Downtown Miami occupies almost the entire city center, including the entertainment and historic districts and the Government Center. Downtown is a unique blend of old and new, such as Skyscrapers from various decades sharing the same space. It makes for an interesting sky resting and allows the visitors to trace the history and development of the area. Also, be sure to check out Bayfront Park that is perfect for a relaxing stroll day or evening.
Just south of the Central Business separated by the Miami River lies Brickell, one of Miami's busiest, trendiest, and one of the most important neighborhoods. Once upon a time, Brickell was the Millionaire's Row of Miami, home to a wide assortment of opulent mansions in private homes. Over the decades, however, mansions have been replaced with high-rises. It's actually the densely populated and fastest-growing neighborhood in the city, earning the nickname Manhattan of the South. If you have got the cash, stay in one of the luxury hotels or visit destination restaurants like Zuma, Komodo, or Obra Kitchen Table. Shopaholics will definitely want to check out Brickell city center - a veritable shopper's paradise.
Looking to get away from the beach for a bit, but fine dining, upscale cocktail bars, and modern architecture aren't really your thing, a Little Havana is the answer. Influenced by the Cuban culture, Little Havana has become one of the best places to get good music and food. People from all across Latin America have been drawn to the neighborhood, making the area's cultural offerings notably diverse. This is one of the warmest and most inviting parts of Miami.
Everglades National Park
Before continuing our Miami tour, let's take a short trip outside the city to appreciate some of the unique surrounding natural beauty. The Everglades National Park, a protected area of tropical land, is the largest of its kind in the country. Guesting half and one million visitors from everywhere each year. Walk along the Anhinga Trail, climb the observation tower to get a bird' s-eye view of the pristine wilderness. Go out by boat or kayak, possibly spot some of the local wildlife up-close.

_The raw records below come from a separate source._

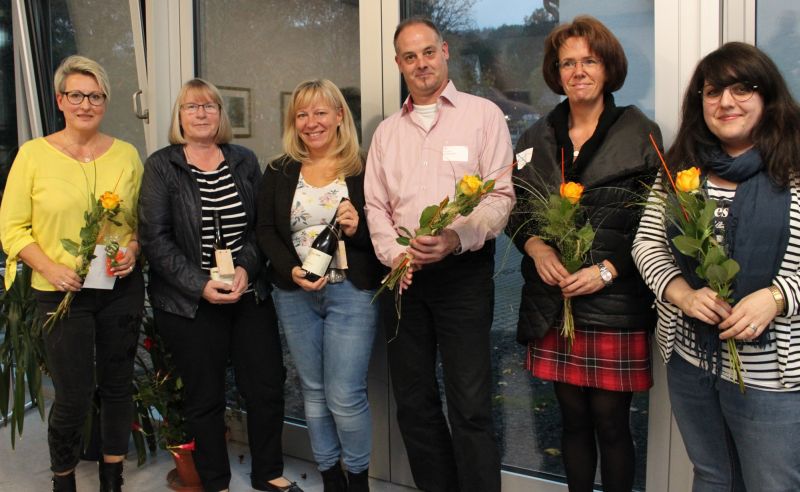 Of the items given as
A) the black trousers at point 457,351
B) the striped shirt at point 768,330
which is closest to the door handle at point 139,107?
the black trousers at point 457,351

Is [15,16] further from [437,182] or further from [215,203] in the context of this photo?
[437,182]

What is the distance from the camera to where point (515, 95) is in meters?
2.88

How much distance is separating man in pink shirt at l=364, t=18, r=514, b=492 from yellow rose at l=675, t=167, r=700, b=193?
2.42 ft

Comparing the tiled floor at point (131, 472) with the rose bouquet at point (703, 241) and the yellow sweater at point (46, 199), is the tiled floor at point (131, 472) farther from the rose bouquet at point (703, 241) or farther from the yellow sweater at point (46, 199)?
the rose bouquet at point (703, 241)

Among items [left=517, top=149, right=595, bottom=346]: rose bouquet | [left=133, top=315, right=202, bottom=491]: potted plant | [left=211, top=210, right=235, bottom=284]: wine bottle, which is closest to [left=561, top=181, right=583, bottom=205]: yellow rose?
[left=517, top=149, right=595, bottom=346]: rose bouquet

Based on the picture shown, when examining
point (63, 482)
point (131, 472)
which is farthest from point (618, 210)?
point (131, 472)

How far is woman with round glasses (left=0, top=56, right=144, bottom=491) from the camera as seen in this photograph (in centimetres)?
275

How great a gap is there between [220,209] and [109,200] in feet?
1.33

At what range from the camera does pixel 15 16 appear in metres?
4.61

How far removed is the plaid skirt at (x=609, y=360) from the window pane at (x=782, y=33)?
995mm

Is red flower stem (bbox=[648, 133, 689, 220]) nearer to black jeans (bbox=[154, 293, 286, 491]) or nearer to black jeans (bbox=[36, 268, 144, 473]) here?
black jeans (bbox=[154, 293, 286, 491])

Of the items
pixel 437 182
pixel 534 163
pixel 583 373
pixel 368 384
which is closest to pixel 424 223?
pixel 437 182

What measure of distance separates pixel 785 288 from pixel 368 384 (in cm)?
196

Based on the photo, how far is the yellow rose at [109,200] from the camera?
8.76ft
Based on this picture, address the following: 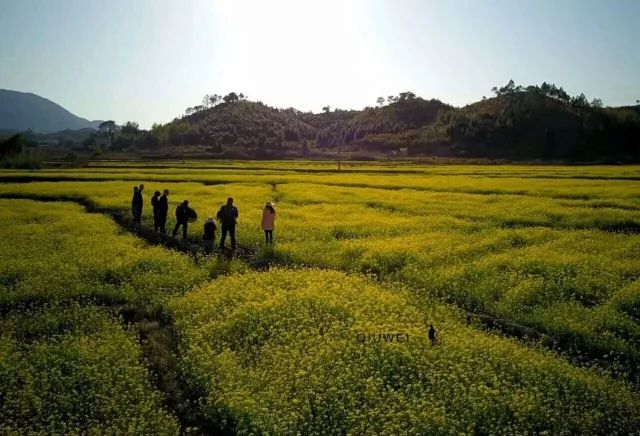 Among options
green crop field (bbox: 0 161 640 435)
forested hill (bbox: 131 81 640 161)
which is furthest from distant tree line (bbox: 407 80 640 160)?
green crop field (bbox: 0 161 640 435)

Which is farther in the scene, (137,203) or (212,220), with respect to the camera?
(137,203)

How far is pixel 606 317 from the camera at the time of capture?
14016 millimetres

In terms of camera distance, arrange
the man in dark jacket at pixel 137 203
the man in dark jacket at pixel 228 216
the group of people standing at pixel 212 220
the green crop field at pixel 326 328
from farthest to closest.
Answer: the man in dark jacket at pixel 137 203 → the man in dark jacket at pixel 228 216 → the group of people standing at pixel 212 220 → the green crop field at pixel 326 328

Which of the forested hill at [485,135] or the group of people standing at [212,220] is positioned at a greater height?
the forested hill at [485,135]

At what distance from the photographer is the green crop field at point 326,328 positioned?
9.94 m

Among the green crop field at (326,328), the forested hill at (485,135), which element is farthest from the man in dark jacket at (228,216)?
the forested hill at (485,135)

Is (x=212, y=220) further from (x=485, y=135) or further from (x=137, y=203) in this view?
(x=485, y=135)

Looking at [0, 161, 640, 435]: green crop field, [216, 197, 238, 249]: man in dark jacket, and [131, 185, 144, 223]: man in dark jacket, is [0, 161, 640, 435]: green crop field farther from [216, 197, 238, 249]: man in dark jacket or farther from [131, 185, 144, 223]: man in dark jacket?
[216, 197, 238, 249]: man in dark jacket

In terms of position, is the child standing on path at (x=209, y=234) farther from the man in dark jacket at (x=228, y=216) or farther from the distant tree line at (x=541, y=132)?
the distant tree line at (x=541, y=132)

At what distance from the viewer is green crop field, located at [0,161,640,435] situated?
32.6 ft

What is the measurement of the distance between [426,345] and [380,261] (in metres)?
7.73

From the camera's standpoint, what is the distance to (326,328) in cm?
1366

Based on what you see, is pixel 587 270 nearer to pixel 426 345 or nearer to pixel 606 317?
pixel 606 317

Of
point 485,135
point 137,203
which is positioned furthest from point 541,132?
point 137,203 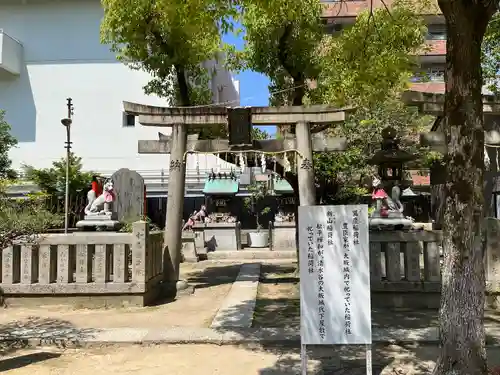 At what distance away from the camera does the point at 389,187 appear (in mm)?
9359

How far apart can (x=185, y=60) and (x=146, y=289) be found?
236 inches

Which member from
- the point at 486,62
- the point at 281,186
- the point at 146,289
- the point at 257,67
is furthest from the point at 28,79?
the point at 486,62

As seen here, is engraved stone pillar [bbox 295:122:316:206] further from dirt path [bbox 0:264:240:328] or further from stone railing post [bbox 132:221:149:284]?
stone railing post [bbox 132:221:149:284]

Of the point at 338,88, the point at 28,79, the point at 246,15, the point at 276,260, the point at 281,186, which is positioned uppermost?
the point at 28,79

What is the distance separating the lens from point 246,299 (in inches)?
324

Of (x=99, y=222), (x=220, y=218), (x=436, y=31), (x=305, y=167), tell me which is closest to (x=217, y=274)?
(x=99, y=222)

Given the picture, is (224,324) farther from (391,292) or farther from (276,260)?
(276,260)

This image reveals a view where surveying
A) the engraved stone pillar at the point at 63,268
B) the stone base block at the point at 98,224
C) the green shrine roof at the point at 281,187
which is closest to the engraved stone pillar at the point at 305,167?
the stone base block at the point at 98,224

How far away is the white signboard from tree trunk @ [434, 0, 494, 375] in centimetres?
71

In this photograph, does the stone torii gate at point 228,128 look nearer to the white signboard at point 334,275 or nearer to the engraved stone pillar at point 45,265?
the engraved stone pillar at point 45,265

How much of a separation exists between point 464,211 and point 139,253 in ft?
18.5

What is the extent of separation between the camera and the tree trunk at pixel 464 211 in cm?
376

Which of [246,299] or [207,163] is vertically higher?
[207,163]

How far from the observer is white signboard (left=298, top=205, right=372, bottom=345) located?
13.6 feet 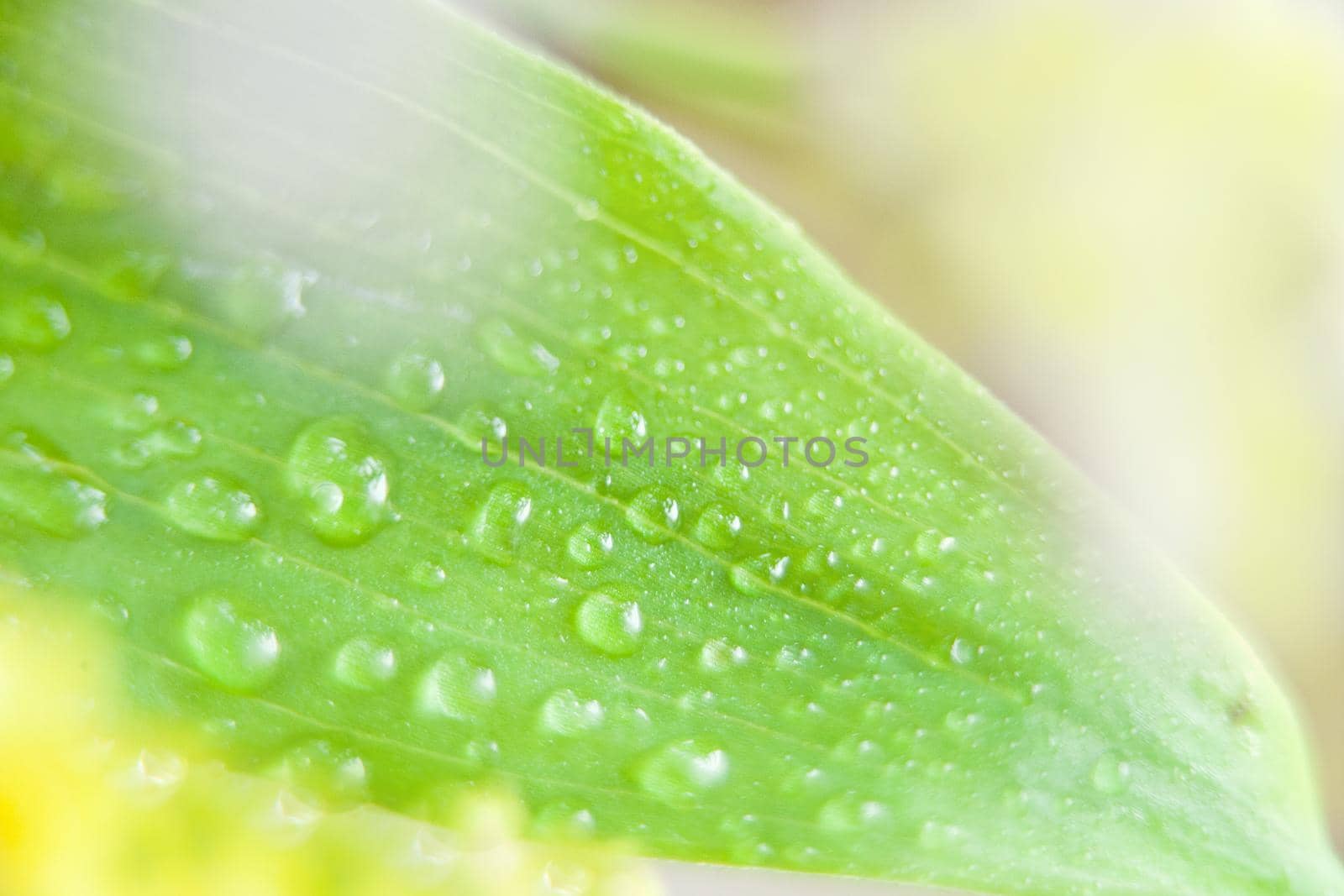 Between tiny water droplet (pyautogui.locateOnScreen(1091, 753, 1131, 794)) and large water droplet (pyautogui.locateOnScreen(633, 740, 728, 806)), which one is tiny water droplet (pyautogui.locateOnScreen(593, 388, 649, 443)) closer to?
large water droplet (pyautogui.locateOnScreen(633, 740, 728, 806))

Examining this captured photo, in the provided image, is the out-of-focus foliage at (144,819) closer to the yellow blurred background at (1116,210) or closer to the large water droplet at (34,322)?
the large water droplet at (34,322)

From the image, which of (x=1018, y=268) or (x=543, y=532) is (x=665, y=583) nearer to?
(x=543, y=532)

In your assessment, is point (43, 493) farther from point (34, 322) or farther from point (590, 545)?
point (590, 545)

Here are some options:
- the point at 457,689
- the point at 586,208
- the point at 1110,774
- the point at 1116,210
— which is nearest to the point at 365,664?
the point at 457,689

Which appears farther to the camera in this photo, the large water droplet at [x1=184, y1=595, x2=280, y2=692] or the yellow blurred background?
the yellow blurred background

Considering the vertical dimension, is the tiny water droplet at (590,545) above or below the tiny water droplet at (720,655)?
above

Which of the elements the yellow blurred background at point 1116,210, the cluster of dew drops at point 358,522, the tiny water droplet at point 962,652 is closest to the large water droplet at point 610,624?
the cluster of dew drops at point 358,522

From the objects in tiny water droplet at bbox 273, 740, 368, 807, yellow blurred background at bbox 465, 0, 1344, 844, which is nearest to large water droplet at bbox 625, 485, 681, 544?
tiny water droplet at bbox 273, 740, 368, 807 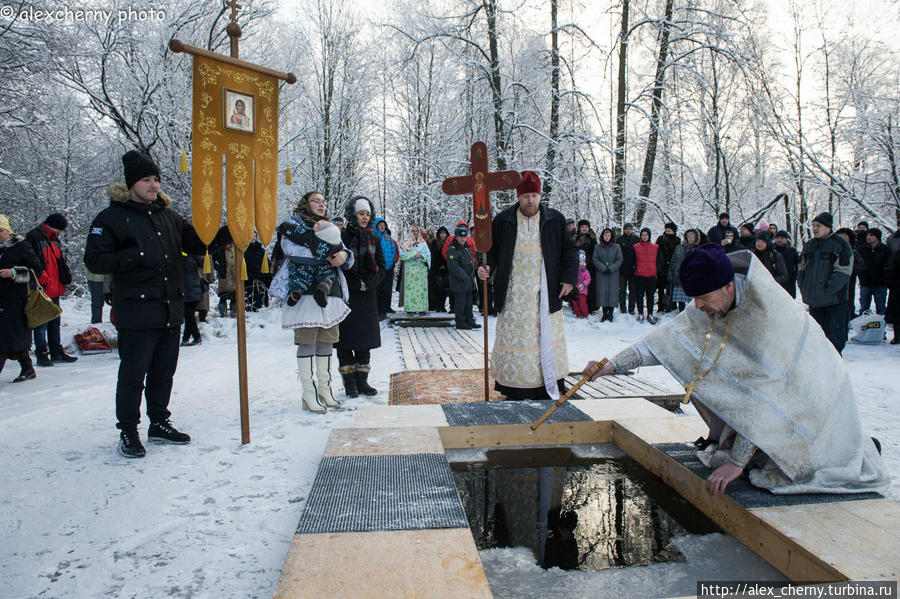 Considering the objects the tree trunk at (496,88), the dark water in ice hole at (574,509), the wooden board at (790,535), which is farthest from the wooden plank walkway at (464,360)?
the tree trunk at (496,88)

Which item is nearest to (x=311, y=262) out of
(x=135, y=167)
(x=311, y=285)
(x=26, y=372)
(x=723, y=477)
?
(x=311, y=285)

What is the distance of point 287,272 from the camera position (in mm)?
4891

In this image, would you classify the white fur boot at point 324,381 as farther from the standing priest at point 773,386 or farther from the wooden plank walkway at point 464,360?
the standing priest at point 773,386

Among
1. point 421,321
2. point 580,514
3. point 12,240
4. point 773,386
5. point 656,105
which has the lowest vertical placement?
point 580,514

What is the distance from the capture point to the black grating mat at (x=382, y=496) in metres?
2.40

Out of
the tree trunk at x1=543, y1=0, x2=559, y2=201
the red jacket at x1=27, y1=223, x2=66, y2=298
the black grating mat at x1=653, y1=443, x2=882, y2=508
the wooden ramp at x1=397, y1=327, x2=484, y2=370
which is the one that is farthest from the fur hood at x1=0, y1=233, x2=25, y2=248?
the tree trunk at x1=543, y1=0, x2=559, y2=201

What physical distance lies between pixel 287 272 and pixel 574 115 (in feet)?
37.4

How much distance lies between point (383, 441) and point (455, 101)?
15438 mm

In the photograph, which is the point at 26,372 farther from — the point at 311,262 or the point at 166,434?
the point at 311,262

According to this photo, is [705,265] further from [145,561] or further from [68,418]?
[68,418]

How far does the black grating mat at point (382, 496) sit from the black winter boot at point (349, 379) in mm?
2310

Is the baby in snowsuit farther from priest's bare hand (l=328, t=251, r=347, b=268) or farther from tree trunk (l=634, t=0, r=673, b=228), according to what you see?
tree trunk (l=634, t=0, r=673, b=228)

Technically, Coral Gables is its own distinct city with a population of about 50.000 people located just four miles from Miami International Airport; it really feels like a part of Miami. Known as the city of beautiful, Coral Gables lives up to its reputation. What is more important, the city is very pedestrian-friendly, coated with parks and green areas such as Fairchild Tropical Botanic Garden.
If you are looking for an old neighborhood with a more relaxed vibe, then Coconut Grove is the place where you need to be. If you are a person who likes nighttime party ups, Coconut Grove is what you need to explore. Coconut Grove has been described as an artist village in the jungle. However, the abundance of greenery makes it so that this holds true even against the onslaught of modernity.